According to the 2017 State of Telecommuting Report, regular telecommuting grew 115 percent in the past decade, nearly 10 times faster than the rest of the workforce, as technology made it easier for people to work from home – or to bring their work with them to the place they wanted to call home. More on that in a bit.
That doesn’t mean that traditional workspaces are going the way of the dodo bird, and we shouldn’t conflate telecommuting with the “gig” economy, which may grow and shrink to fit business cycles. In fact, a well-respected study about the effects of the gig economy made news this week when its authors suggested they had overestimated how many people had alternative work arrangements and that their numbers from just a few years ago were inflated because of the lingering effects of the Great Recession.
But if we take out Uber drivers and other freelancers looking to make ends meet or supplement their incomes, the workplace is still feeling an impact from telecommuting.
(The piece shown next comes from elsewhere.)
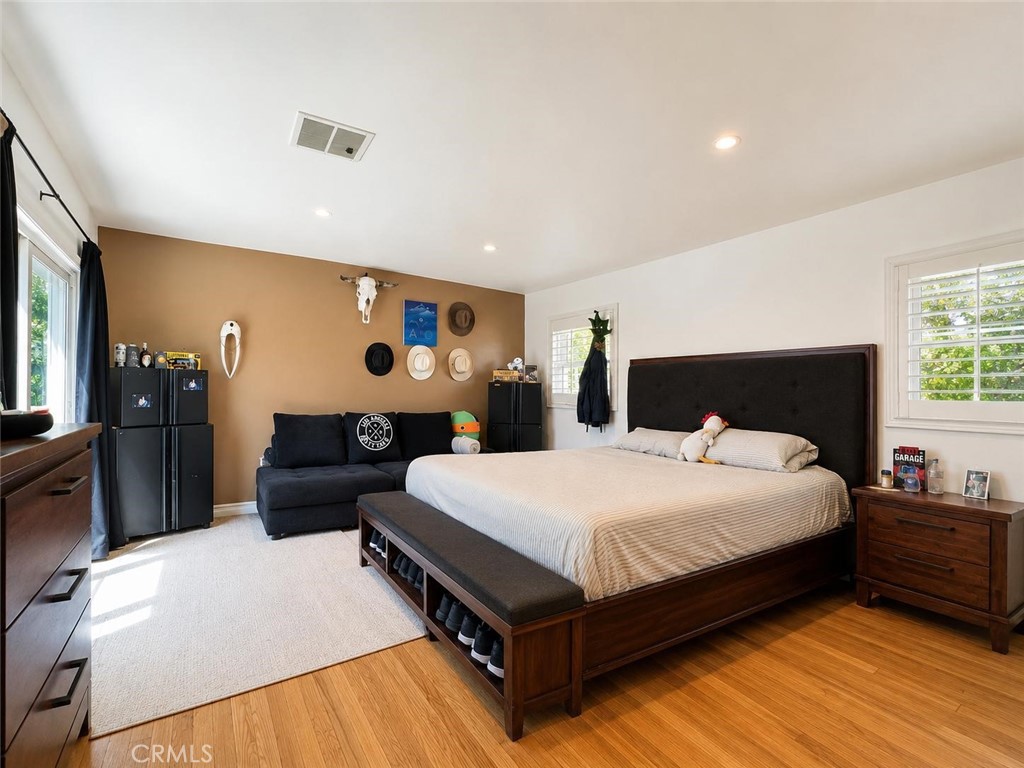 9311 Claymore Street Property Photo 7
Take the greater Flagstaff region.
As we’ve previously reported, the Bureau of Labor Statistics shows that management jobs in our region jumped 49 percent in five years, from 2,740 positions in 2012 to 4,080 in 2017. Flagstaff didn’t have a 49 percent internal growth in new businesses during that time, making it easy to infer that the jump was the result of inward migration of people who essentially brought their jobs with them, either as telecommuting employees, small entrepreneurs, or gig economy workers.
We believe this growth may be having a greater impact on Flagstaff than NAU, especially with traffic congestion.
There are ample reasons why traditional businesses and employees, in addition to gig economy workers, would seek out telecommuting opportunities, according to the telecommuting study. For employers, telecommuting equals higher productivity, lower absenteeism and reduced real estate costs. It also helps with recruiting and cuts down on travel time for meetings.
Meanwhile, employees save on the costs of traditional commuting and working in an office, saving on gas, tolls, parking, buying lunch out, even their clothing expenses.
It benefits communities too as telecommuting jobs tend to have smaller carbon footprints and lower impact, yet bring higher wages.
Since estimates show that an ever larger portion of our workforce will telecommute in the future, we’d like to again urge our policymakers to concentrate on solutions that will help this growing sector.
If more employees are coming to Flagstaff because of all its lifestyle amenities and have the freedom to work from anywhere because of telecommuting, we need to be conscious of increased demands for things like housing and infrastructure (both of the street and digital varieties). At the same time, our community also needs to balance these policies so that support of the sector doesn’t come at the expense of traditional workers, especially our teachers, public safety and service sector personnel.